**EXERCISE:** Below are entries; repeat exactly, and nothing else, the lines from the one holding "7413 NE 129th Avenue, Vancouver, WA 98682" through the one holding "The Knight King", inclusive. Leave the pictures out.
======== INFORMATION PROVIDED
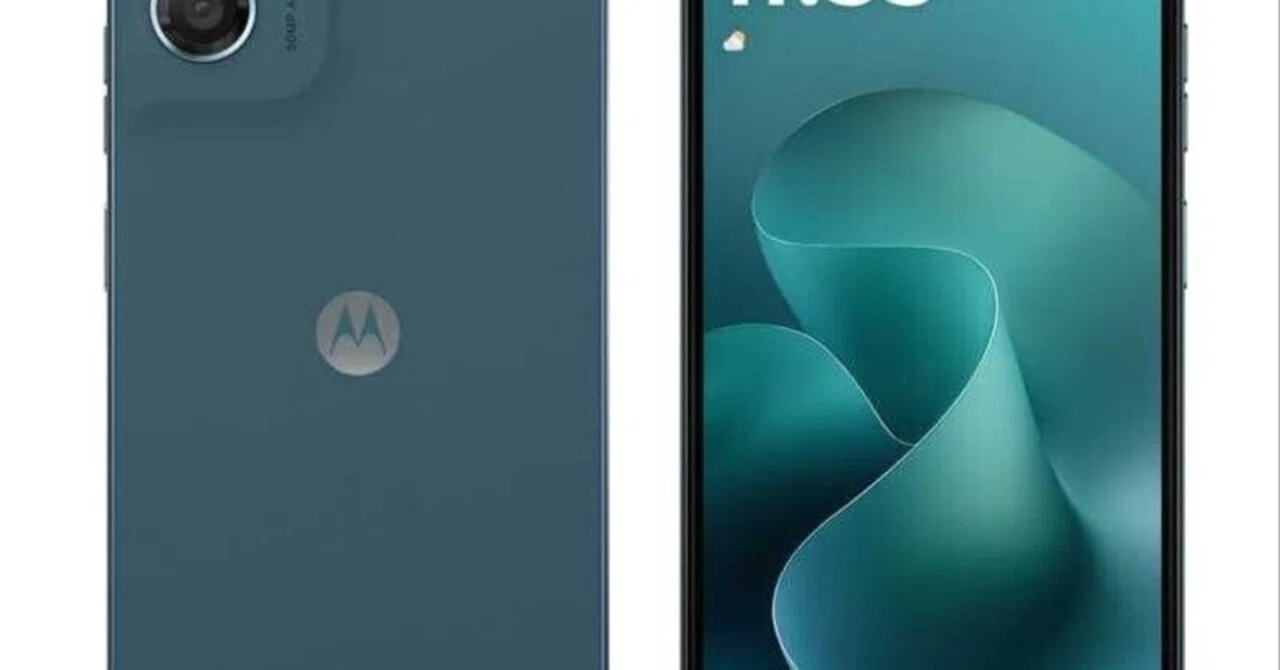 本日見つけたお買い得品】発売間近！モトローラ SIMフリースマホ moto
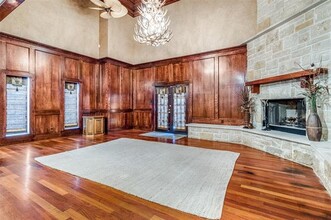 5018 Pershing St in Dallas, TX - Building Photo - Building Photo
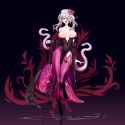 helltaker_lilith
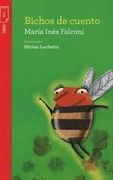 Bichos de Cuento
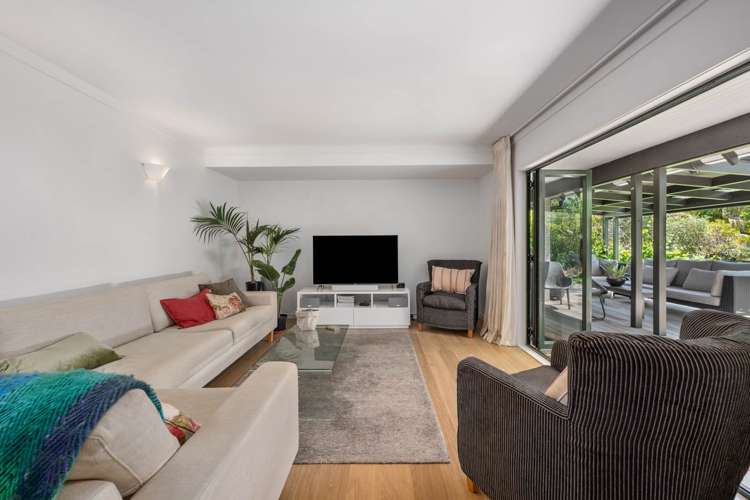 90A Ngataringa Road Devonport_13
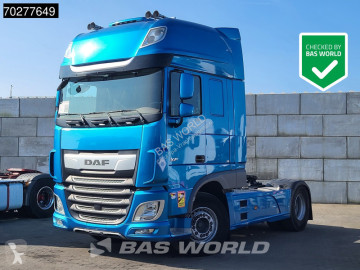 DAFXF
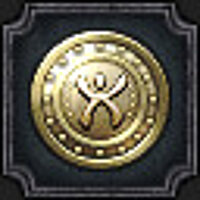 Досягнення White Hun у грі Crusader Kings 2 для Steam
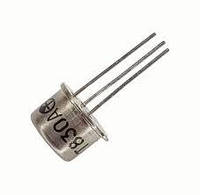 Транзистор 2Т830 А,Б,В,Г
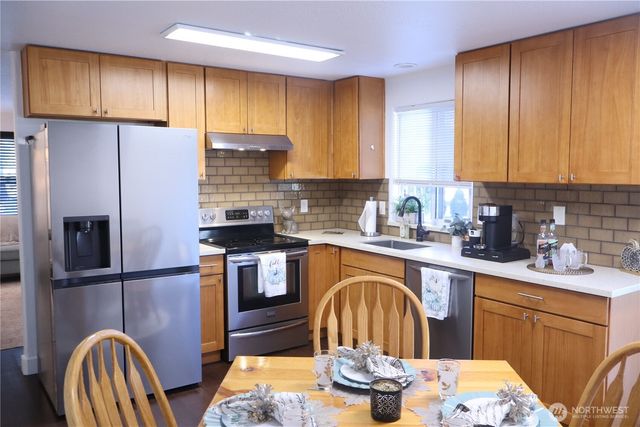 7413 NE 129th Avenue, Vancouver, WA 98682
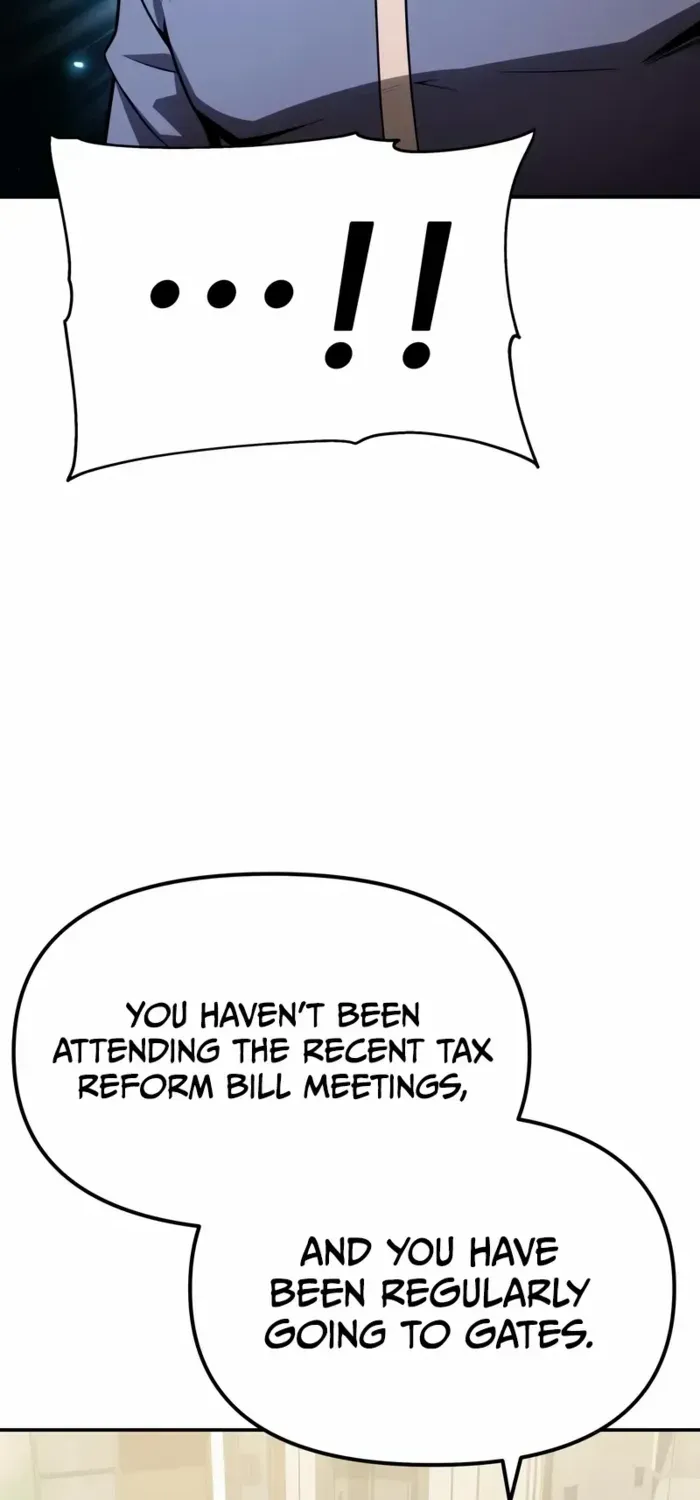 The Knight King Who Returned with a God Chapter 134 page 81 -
================
======== INFORMATION PROVIDED
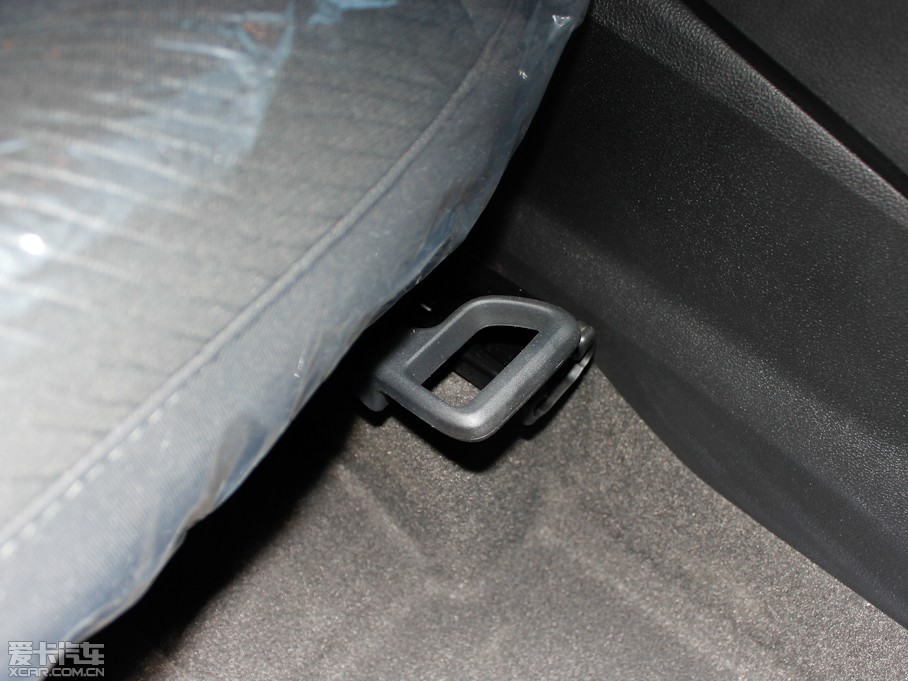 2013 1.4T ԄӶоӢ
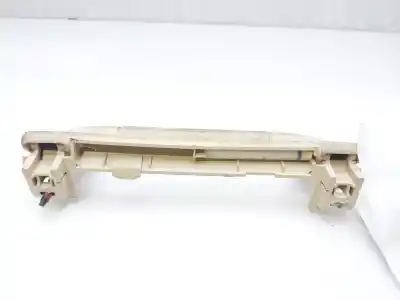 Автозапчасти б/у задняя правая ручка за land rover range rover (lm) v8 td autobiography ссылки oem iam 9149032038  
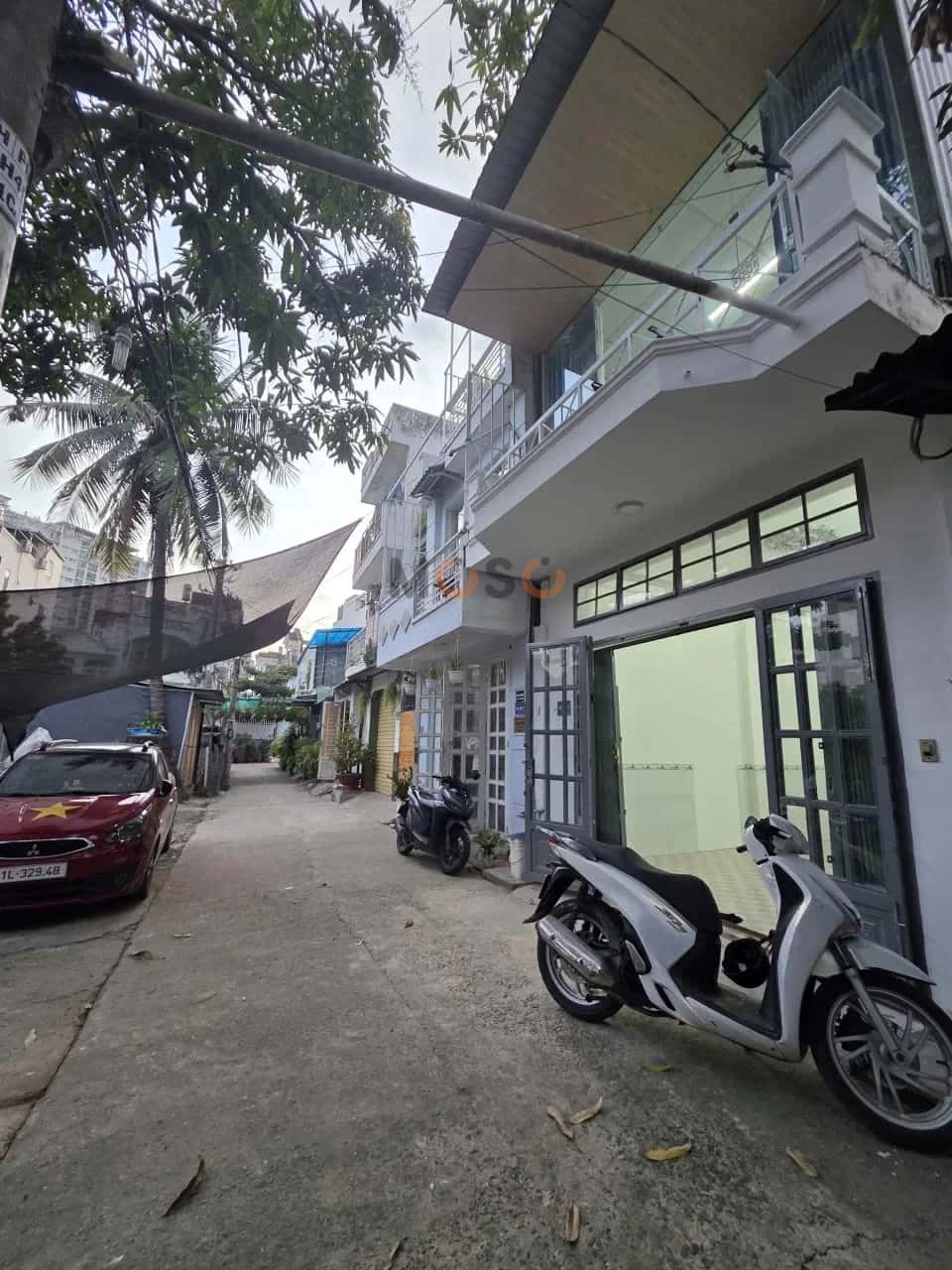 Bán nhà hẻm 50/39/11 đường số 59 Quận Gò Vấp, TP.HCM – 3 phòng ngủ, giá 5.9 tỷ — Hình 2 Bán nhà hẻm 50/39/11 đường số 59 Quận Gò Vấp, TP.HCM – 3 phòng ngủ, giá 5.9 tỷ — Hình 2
================
**EXERCISE RESPONSE:**
 7413 NE 129th Avenue, Vancouver, WA 98682
 The Knight King Who Returned with a God Chapter 134 page 81 -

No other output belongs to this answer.